Charlotte FC are somewhere awash in that grey area. But every day marks one step further from the hypothetical and closer to the concrete.

Over the summer, Charlotte named Miguel Angel Ramirez as head coach, and they've signed a few more players since.

On Thursday night they unveiled their first-ever kit, and after the half-day trade window Sunday and Expansion Draft this Tuesday (Dec. 14), Charlotte’s roster could nearly double.

“This is one of the strongest moments that solidifies that we’re less than 90 days from our first match,” club president Nick Kelly told MLSsoccer.com. “You can actually envision what our players are going to look like on the field. This is a big moment for us. There’s been some people coming out of the woodwork like ‘Oh yeah, Charlotte FC are going to be a club come March.’ It’s funny that bringing a uniform to life, combined with the Expansion Draft and everything next week, it really brings this to reality.”

After MLS Cup 2021, full focus around the league shifts to the offseason. As an expansion club, Charlotte will take center stage with their draft, extra Allocation Money, roster spots to fill and general intrigue from onlookers.

“We want that,” Kelly said ahead of the half-day trade window. “We’ve been prepared for this. We’re prepared to make some trades Sunday, make some free agent signings. Our roster is going to go from eight to like 16 in the matter of 48 hours.”
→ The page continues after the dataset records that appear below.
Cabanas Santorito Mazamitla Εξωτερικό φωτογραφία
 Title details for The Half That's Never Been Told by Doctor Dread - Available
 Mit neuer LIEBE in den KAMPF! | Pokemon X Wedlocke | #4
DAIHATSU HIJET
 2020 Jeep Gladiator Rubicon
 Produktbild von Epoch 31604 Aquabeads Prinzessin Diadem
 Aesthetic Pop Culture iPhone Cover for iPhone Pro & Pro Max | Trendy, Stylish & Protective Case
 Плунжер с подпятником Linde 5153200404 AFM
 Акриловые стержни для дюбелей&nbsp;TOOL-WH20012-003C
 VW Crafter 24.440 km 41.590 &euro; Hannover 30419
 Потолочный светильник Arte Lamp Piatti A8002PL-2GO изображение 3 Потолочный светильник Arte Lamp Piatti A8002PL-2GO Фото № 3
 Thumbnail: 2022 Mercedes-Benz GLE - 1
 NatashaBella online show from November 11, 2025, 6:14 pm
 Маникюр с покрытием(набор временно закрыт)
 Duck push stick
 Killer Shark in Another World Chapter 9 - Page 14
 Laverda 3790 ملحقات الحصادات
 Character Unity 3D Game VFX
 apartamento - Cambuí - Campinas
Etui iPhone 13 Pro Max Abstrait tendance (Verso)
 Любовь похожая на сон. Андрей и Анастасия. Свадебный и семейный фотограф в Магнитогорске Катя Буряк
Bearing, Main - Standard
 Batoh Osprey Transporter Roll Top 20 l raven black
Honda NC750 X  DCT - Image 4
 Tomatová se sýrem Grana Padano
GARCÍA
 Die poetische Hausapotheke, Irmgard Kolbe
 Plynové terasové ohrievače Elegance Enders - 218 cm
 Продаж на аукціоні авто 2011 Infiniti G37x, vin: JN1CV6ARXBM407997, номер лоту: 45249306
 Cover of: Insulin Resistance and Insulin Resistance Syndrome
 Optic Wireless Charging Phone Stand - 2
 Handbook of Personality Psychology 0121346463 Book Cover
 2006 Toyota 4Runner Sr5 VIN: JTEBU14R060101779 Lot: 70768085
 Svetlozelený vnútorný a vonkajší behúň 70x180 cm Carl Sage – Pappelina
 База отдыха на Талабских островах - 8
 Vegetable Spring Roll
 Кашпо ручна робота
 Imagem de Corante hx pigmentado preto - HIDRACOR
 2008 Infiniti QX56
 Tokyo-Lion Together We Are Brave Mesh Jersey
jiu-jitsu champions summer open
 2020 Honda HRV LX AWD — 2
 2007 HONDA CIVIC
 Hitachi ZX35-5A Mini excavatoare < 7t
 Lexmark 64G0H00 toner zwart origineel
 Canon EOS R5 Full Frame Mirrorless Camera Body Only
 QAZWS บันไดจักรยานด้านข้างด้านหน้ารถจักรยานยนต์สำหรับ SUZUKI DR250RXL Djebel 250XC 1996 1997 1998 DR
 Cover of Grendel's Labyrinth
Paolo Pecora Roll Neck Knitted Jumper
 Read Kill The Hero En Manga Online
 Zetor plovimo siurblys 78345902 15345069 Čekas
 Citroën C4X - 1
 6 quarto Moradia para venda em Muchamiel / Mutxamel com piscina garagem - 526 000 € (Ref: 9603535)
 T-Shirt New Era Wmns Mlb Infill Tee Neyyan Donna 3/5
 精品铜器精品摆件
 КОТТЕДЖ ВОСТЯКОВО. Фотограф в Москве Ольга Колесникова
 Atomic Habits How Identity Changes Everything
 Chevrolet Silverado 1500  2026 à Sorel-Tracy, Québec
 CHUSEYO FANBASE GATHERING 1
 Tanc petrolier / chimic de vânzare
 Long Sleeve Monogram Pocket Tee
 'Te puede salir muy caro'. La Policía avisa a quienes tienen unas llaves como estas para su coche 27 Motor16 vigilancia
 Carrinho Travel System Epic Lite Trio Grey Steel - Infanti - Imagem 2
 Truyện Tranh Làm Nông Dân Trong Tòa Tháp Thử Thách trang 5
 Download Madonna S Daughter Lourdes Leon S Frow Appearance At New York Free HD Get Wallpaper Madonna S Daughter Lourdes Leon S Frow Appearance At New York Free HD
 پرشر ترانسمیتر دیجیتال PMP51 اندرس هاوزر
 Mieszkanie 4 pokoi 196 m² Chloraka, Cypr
It reached 10 Sunday when the club acquired fullback, and Charlotte native, Jaylin Lindsey from Sporting Kansas City for up to $325,000 in General Allocation Money. They also obtained goalkeeper Pablo Sisniega from LAFC for an additional $50,000 in GAM.

Every milestone is another step on the ladder toward their first game, Feb. 26 at D.C. United, and first home game, March 5 against the LA Galaxy. Kelly has publicly set a goal for Charlotte to sell out and, in doing so, break the league’s single-game attendance record of 72,528, previously set by Atlanta United in 2019.

Charlotte’s Bank of America Stadium can hold at least 75,000 fans.

“To be perfectly honest, setting that record would send a message to fans that our expectations off the field is the same expectations we have on the field,” Kelly said. “If we set the expectations of setting a record, it mirrors what we expect on the field. This is what we expect long-term to ourselves and we want to show the world that the Carolinas are a big soccer market. If we can get 75,000 of them to show up, it’s a good representation of them, not necessarily us.”

Charlotte have already sold more than 40,000 tickets for that game, Kelly said, with more than two-and-a-half months remaining before kickoff. He believes they’re on track to sell out.

That is the first goal in a series of ambitious targets.

“Our goal is to sell out the first match, then average 30,000,” Kelly said. “You need a strong base. We’re satisfied with our base. Now we have to create a gameday environment and put a club on the field that fans will continue to come back for. That buzz will ware off after 3-4 matches if the product isn’t good.”

Charlotte are approaching 20,000 season tickets sold. Kelly believes those numbers will keep rising following the kit reveal and the full schedule being released Wednesday (Dec. 15).

They’re aiming for the most on the field, too.

“We want to be competitive, which is just a half-assed way of saying we expect to be good,” Kelly said.